### [BRIEF]
From the entries below, reproduce exactly the lines from the one with "Vladimir poutine sticker" through the one with "Magnus chase and", both included, without images.

━━━ DATA EXTRACTS

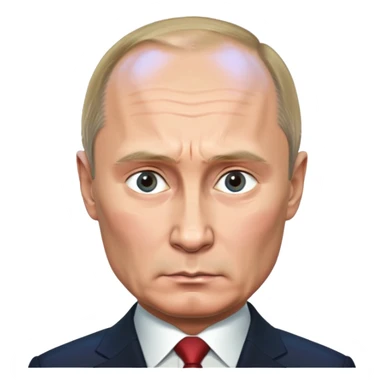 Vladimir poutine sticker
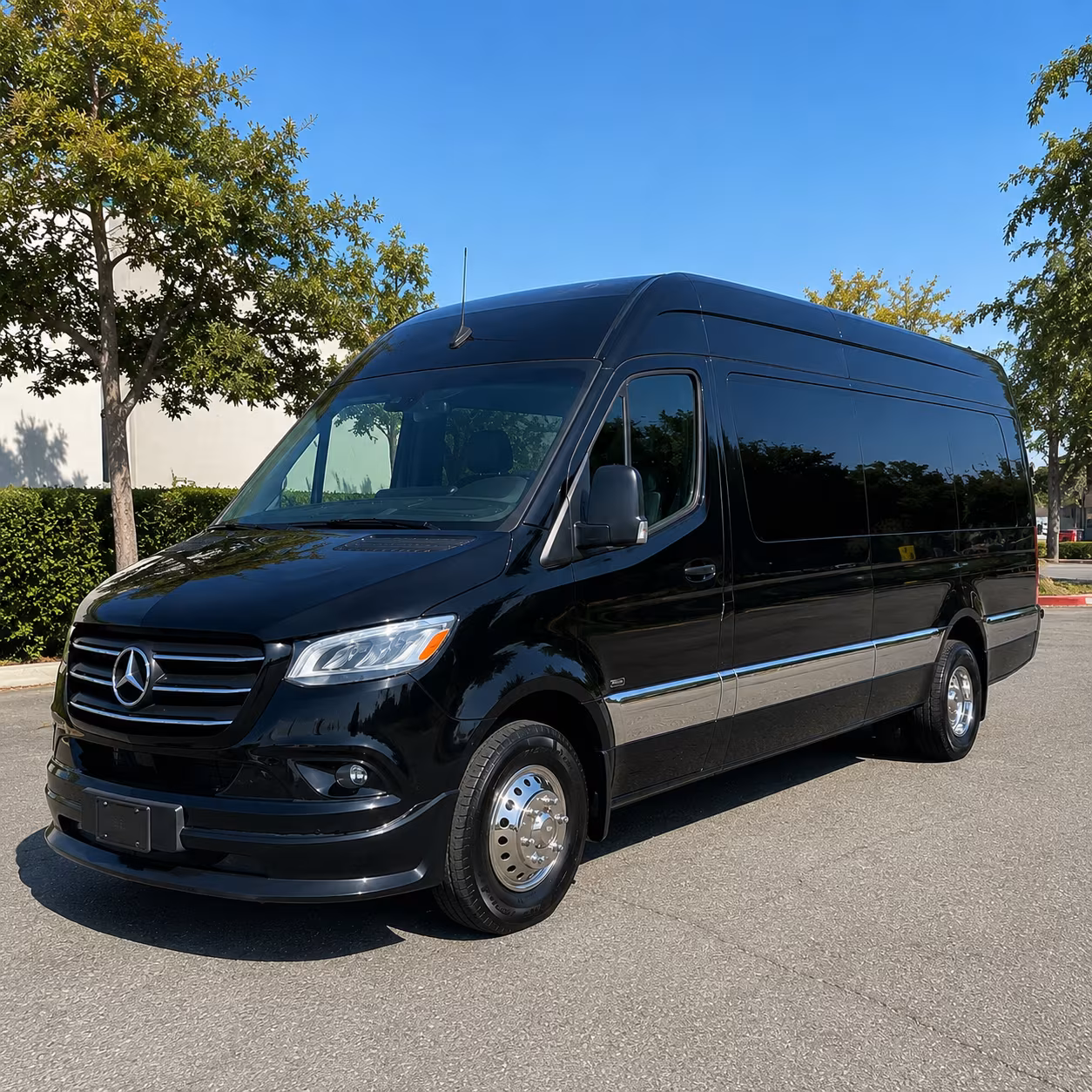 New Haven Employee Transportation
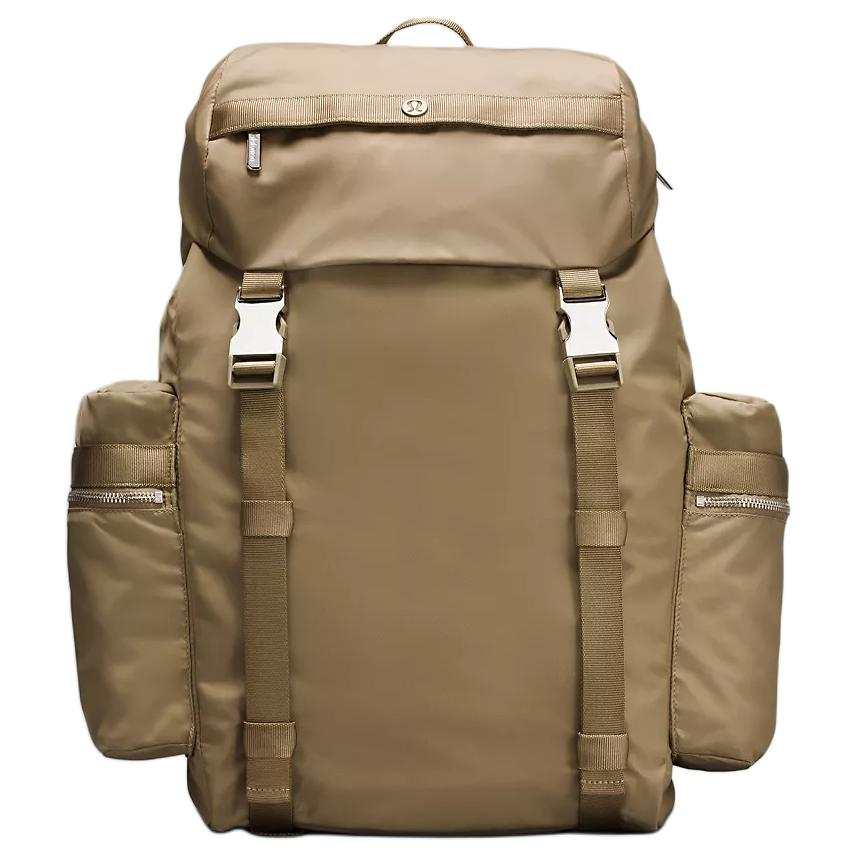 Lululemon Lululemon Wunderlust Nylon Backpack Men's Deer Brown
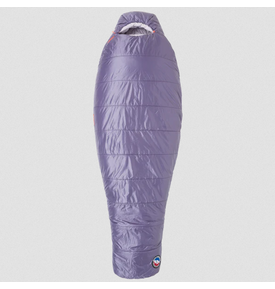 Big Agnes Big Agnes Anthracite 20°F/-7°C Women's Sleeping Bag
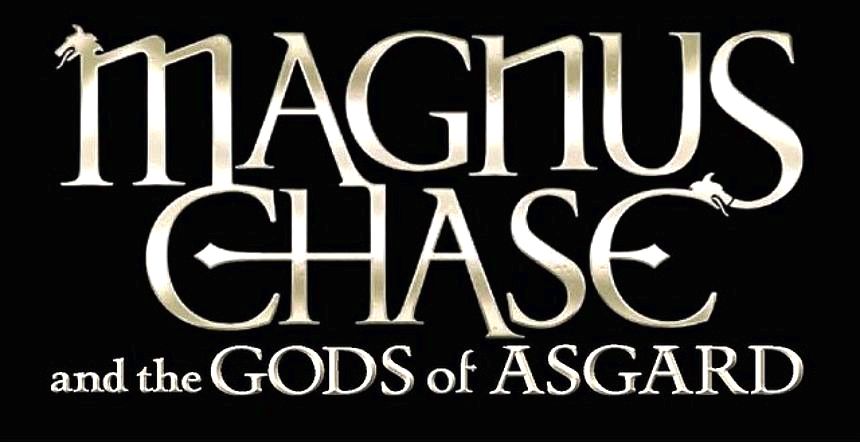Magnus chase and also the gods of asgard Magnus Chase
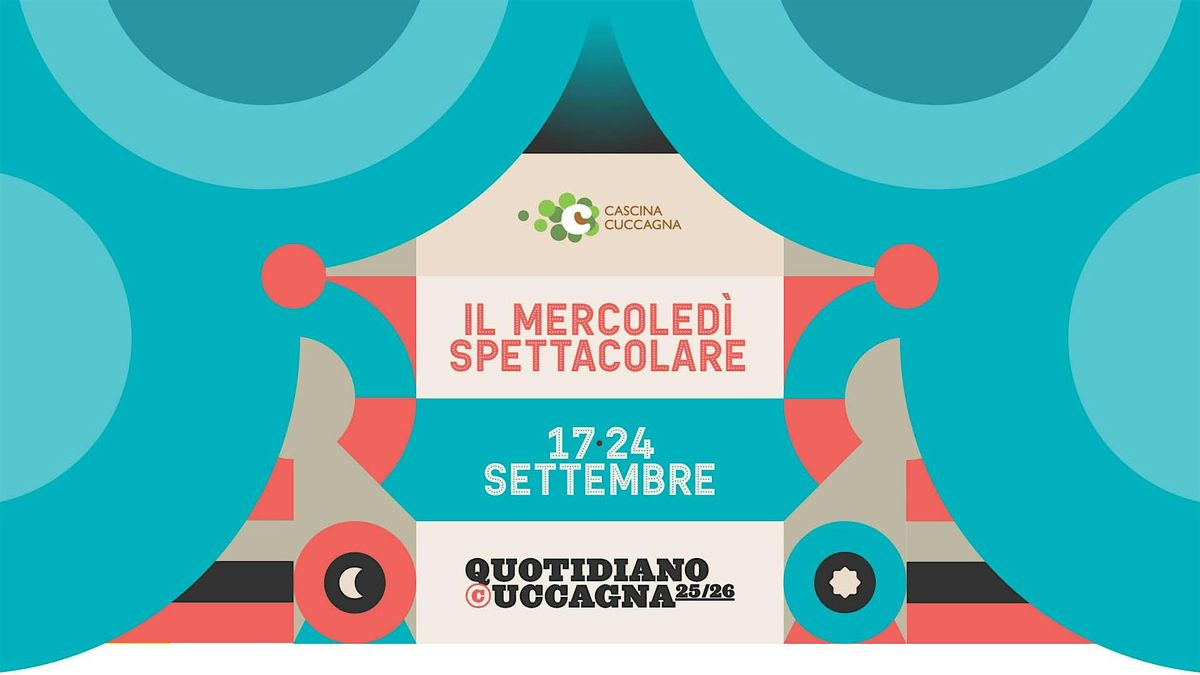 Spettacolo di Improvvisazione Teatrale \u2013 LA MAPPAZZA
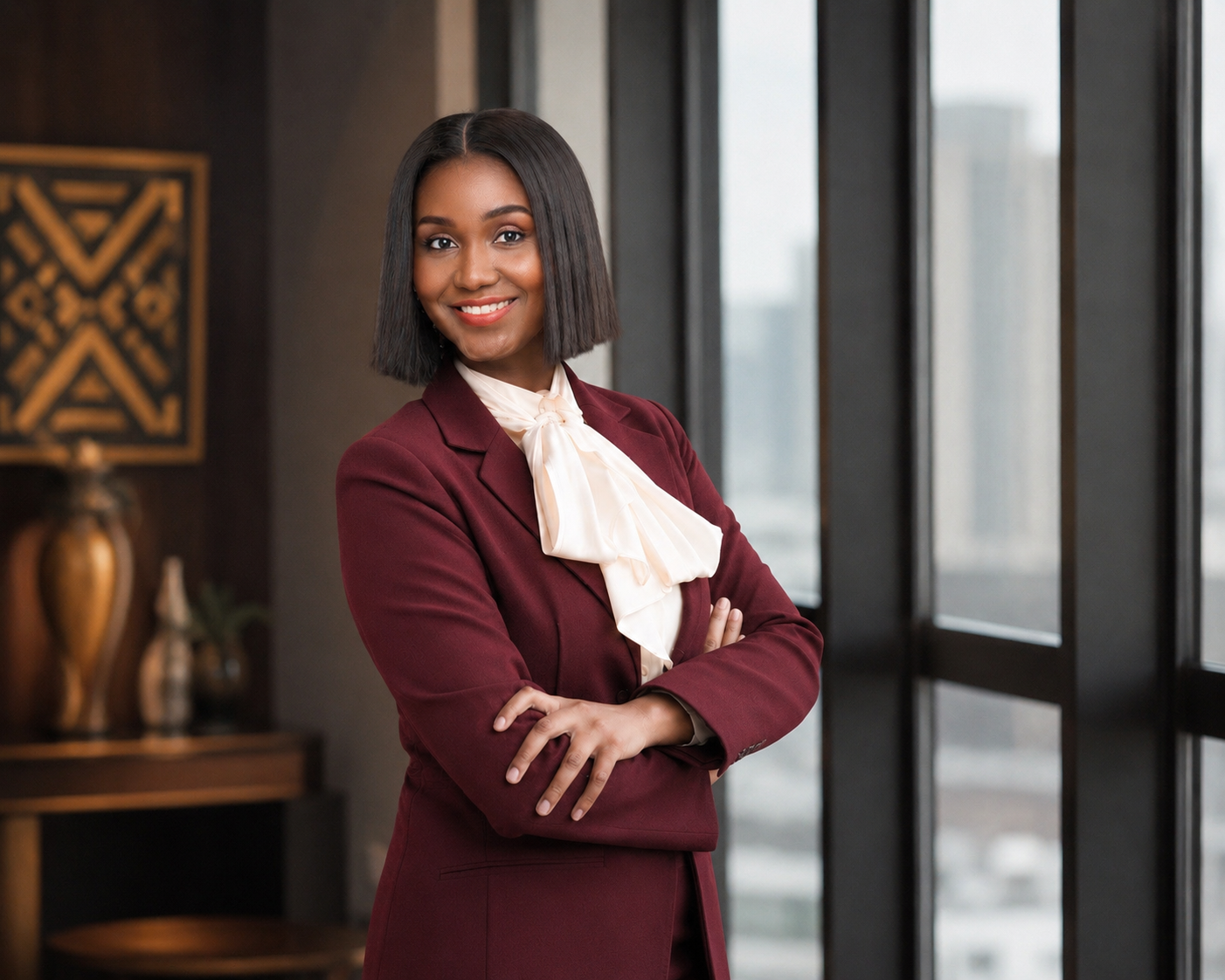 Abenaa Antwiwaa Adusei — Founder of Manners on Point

━━━━━━
━━━ DATA EXTRACTS

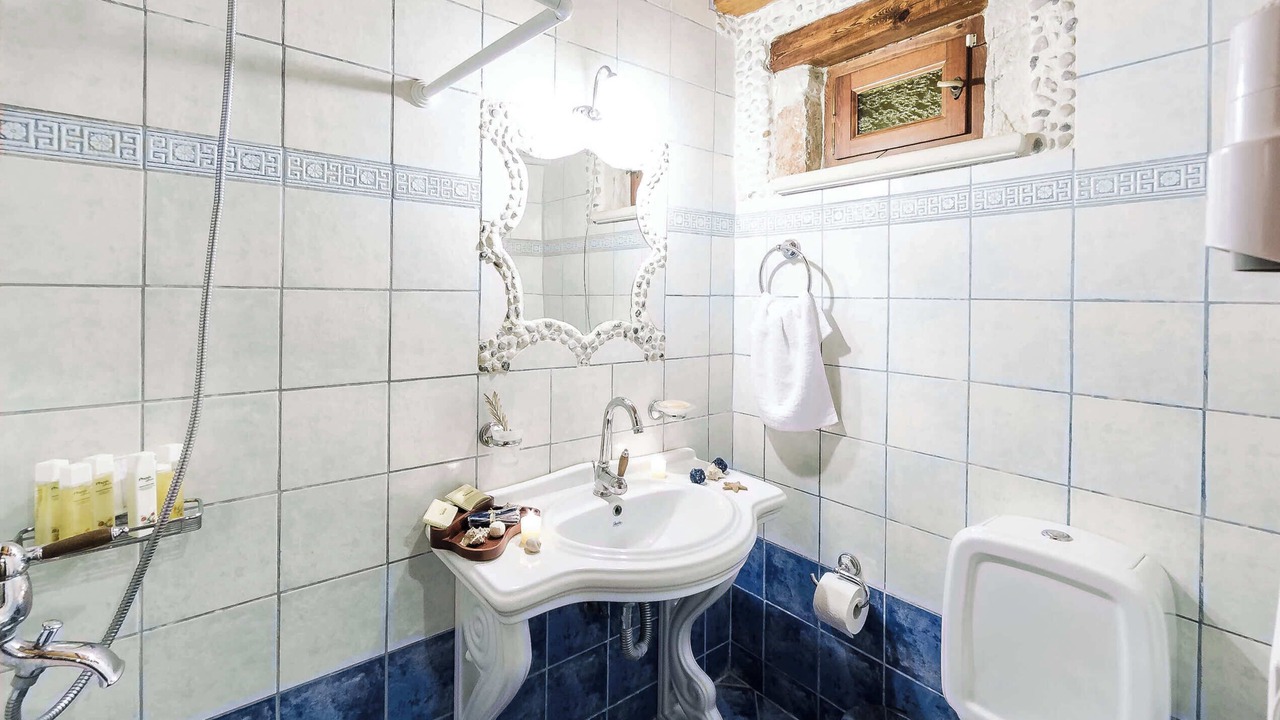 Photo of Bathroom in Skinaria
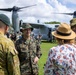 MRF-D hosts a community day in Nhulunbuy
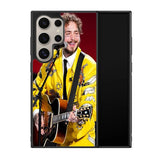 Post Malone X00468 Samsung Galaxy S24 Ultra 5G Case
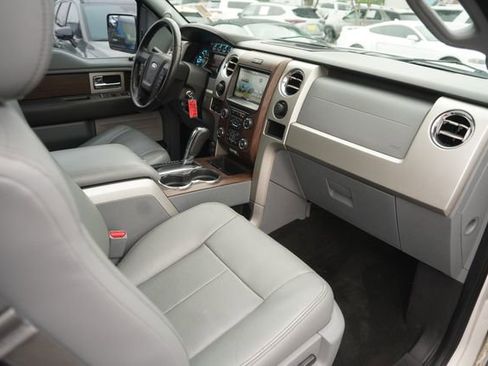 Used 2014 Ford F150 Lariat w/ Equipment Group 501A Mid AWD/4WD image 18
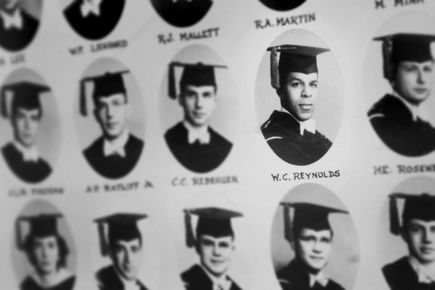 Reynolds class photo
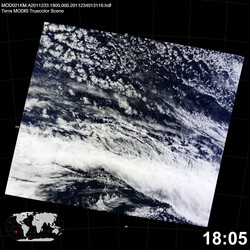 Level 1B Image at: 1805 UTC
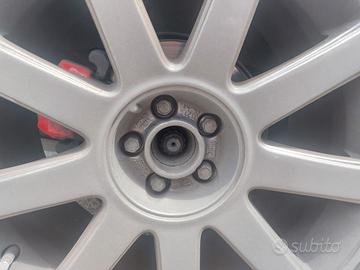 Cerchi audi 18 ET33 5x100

━━━━━━

### [OUTPUT OF THE TASK]
 Vladimir poutine sticker
 New Haven Employee Transportation
 Lululemon Lululemon Wunderlust Nylon Backpack Men's Deer Brown
 Big Agnes Big Agnes Anthracite 20°F/-7°C Women's Sleeping Bag
Magnus chase and also the gods of asgard Magnus Chase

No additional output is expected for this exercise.